* What is expected: Transcribe the entries below word for word, beginning at the line with "Market position of" and stopping after the line with "Verizon Media"; drop all pictures.

* Input for this task:
# # # # # # #

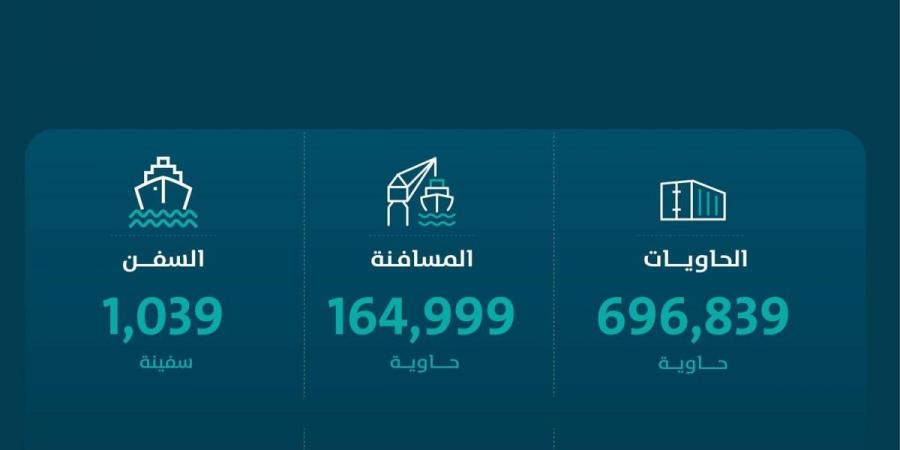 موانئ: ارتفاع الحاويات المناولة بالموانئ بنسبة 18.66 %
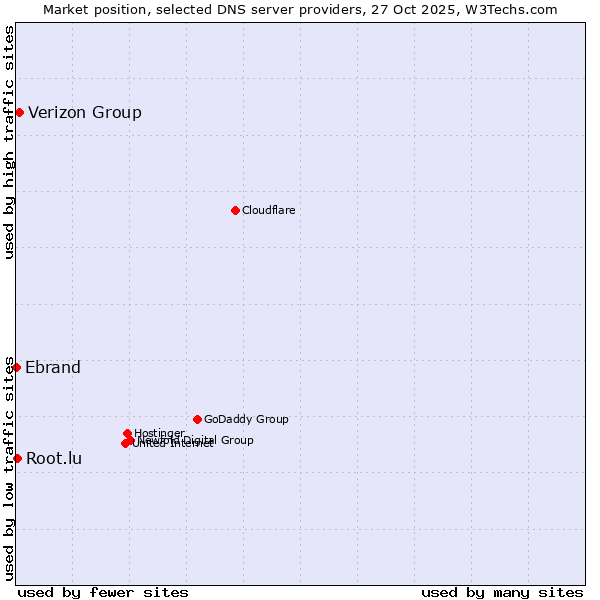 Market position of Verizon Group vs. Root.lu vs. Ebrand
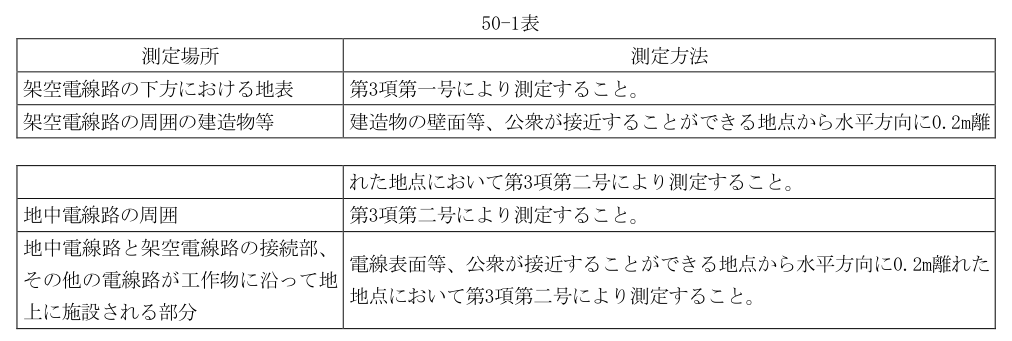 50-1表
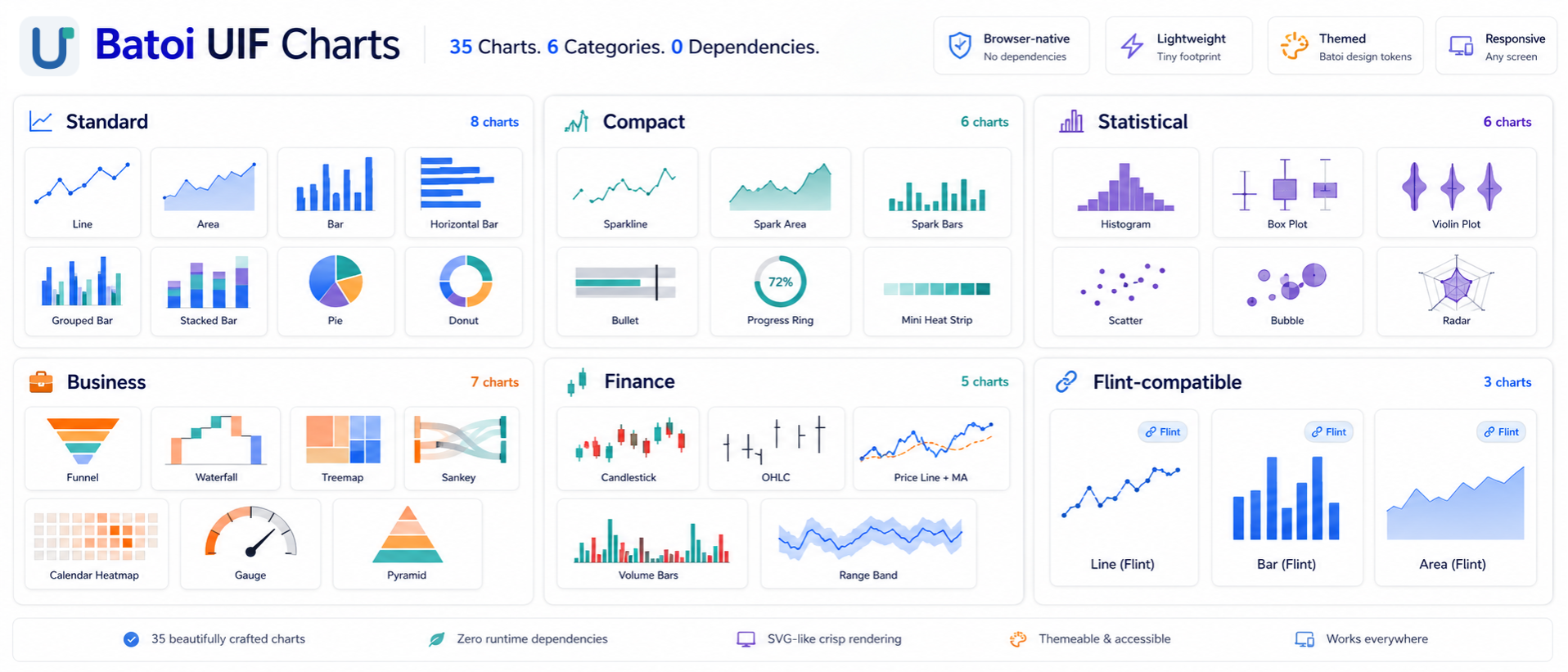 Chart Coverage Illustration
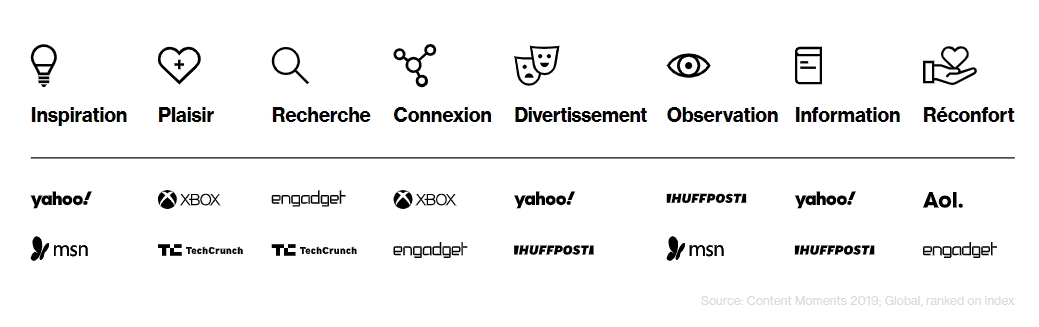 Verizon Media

# # # # # # #

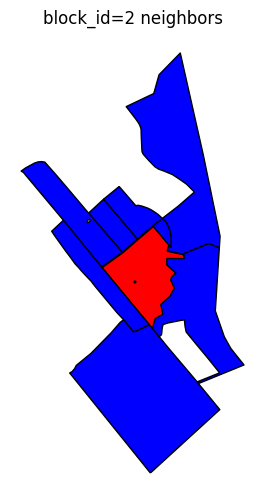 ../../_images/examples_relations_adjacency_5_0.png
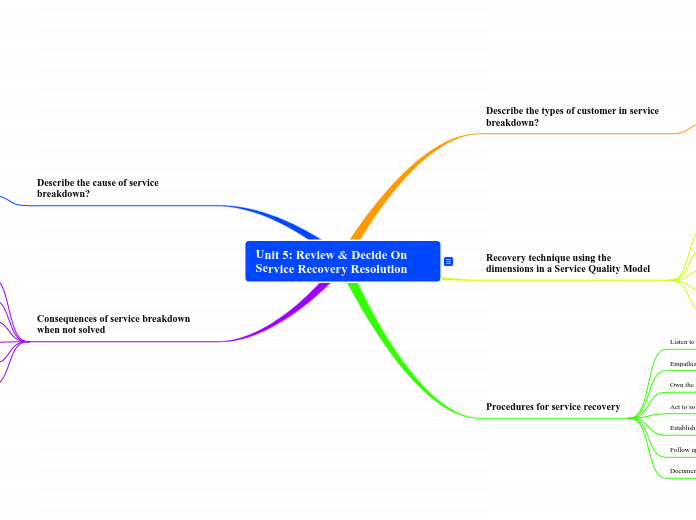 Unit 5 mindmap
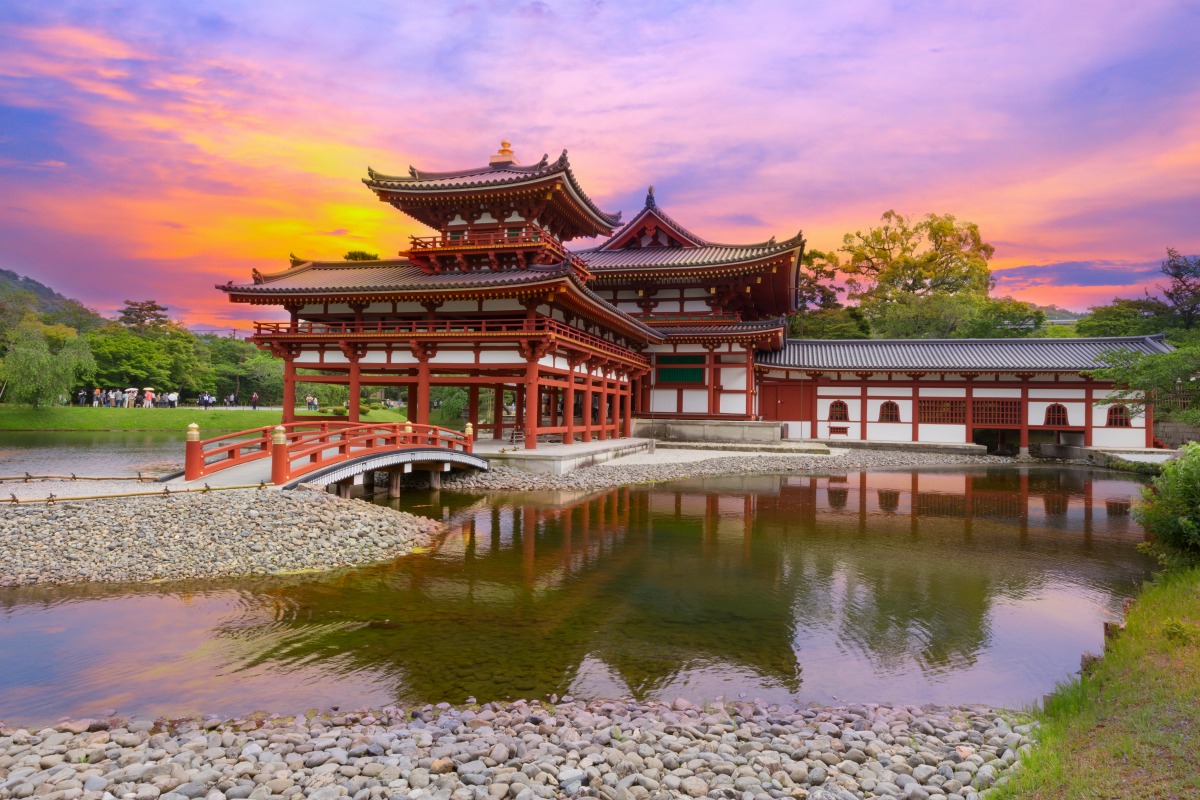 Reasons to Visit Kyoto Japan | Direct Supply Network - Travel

# # # # # # #

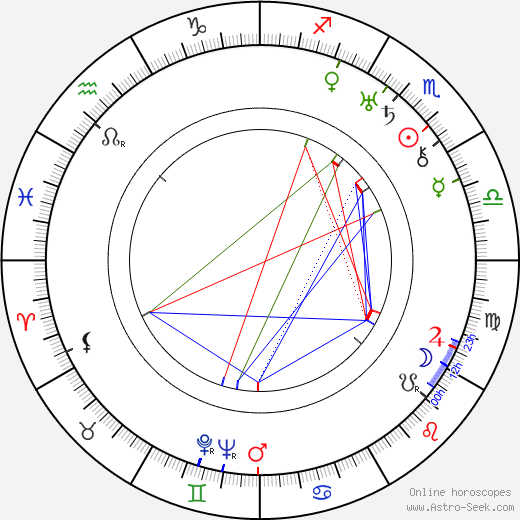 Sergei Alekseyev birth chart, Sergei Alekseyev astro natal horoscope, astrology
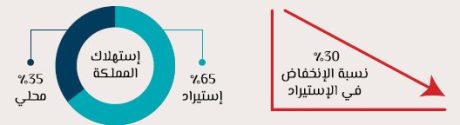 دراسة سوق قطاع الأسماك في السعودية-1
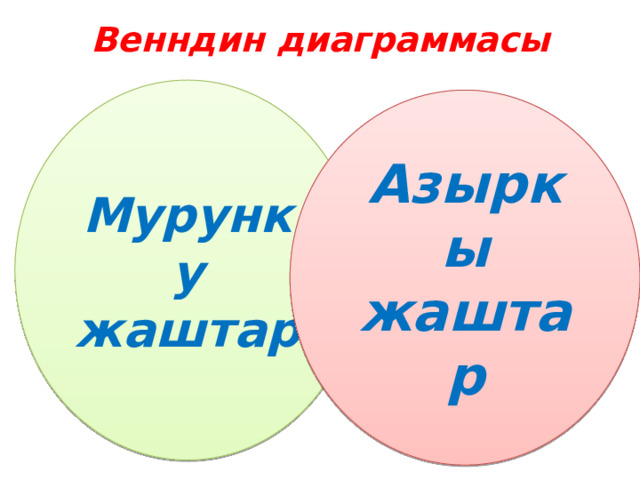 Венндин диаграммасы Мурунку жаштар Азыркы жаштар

# # # # # # #

* Solution to this exercise:
 Market position of Verizon Group vs. Root.lu vs. Ebrand
 50-1表
 Chart Coverage Illustration
 Verizon Media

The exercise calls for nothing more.